Z-scores allow you to compare different data points from the same or different distributions by standardizing them. They also help when consulting standard normal distribution tables to find related probabilities. For instance, with a yield strength value of 40 and a mean of 43 along with a standard deviation of 4.5, your z-score is approximately -0.67, indicating that 40 is 0.67 standard deviations below the mean.

Percentiles show the relative ranking of data points in a set. The nth percentile of a dataset is the value below which n% of the data falls. In this context, it is particularly used to determine what value separates a certain percentage of observations.
For practical use, percentiles are often expressed in terms of z-scores when dealing with normal distributions. For example, when asked to find the yield strength that separates the strongest 75%, you're looking for the 25th percentile.
The approach involves using a z-score that corresponds to the desired cumulative probability from the standard normal distribution. We found that a z-score of 0.674 separates the lowest 75% from the highest 25% in a normal distribution. Calculating backwards from the z-score gives the physical yield strength value which, in this problem, turned out to be approximately 46.03 ksi.

Probability determination in the context of normal distributions involves finding the likelihood of a random variable falling within a certain range.
With continuous variables, such as yield strength, we use the cumulative distribution function (CDF) and z-scores to calculate these probabilities. For example, to find the probability that a yield strength is at most 40, we calculated the z-score and used it to find the cumulative probability from the standard normal distribution table. This told us that 25.14% of observations are at most 40 ksi.
Similarly, for a yield strength greater than 60, a different z-score calculation gives a very low probability, indicating it is extremely unlikely for values so far from the mean in this distribution. Using the tables, the probability is approximately zero, showing that 60 is out in the tail of the distribution.

A random variable is a variable whose possible values are numerical outcomes of a random phenomenon. In statistical contexts, it is often used to model uncertainties. Random variables can take on different types, including continuous or discrete.
For normal distributions, these variables can take any value on the entire number line. The yield strength of the A 36 grade steel in our problem is an example of a continuous random variable that follows a normal distribution.
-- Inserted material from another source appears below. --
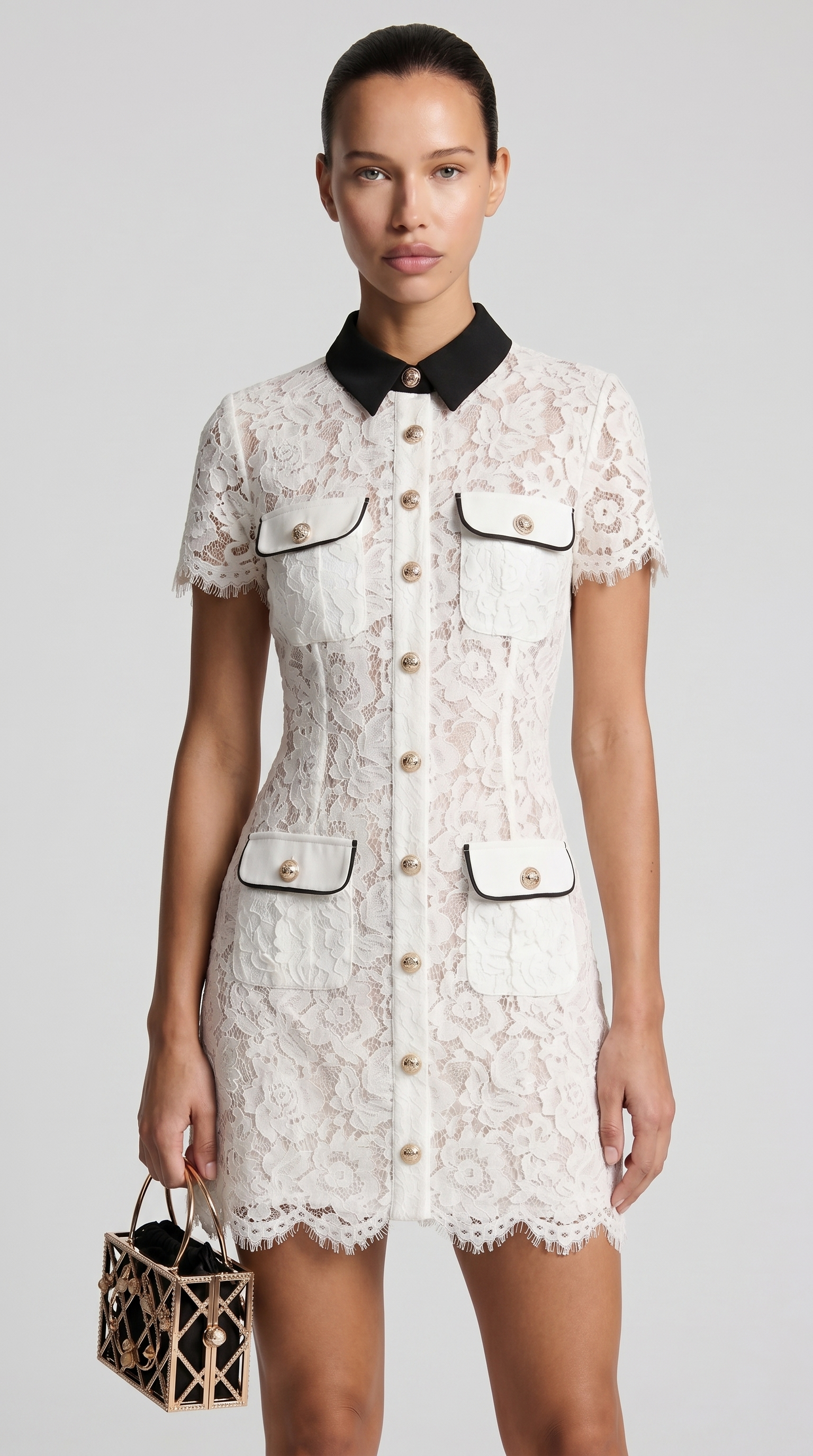 Pura - Contrast-Piped Floral Lace Mini Dress view 3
It has a mean (average value) and a standard deviation (how spread out the values are from the mean).

• The mean, \( \mu \), is central to the distribution where most values cluster.
• The standard deviation, \( \sigma \), indicates spread; larger values mean more spread.

Understanding random variables in the context of normal distribution helps in making probabilistic predictions, analyzing data variation, and determining likelihoods of various outcomes in a set of data.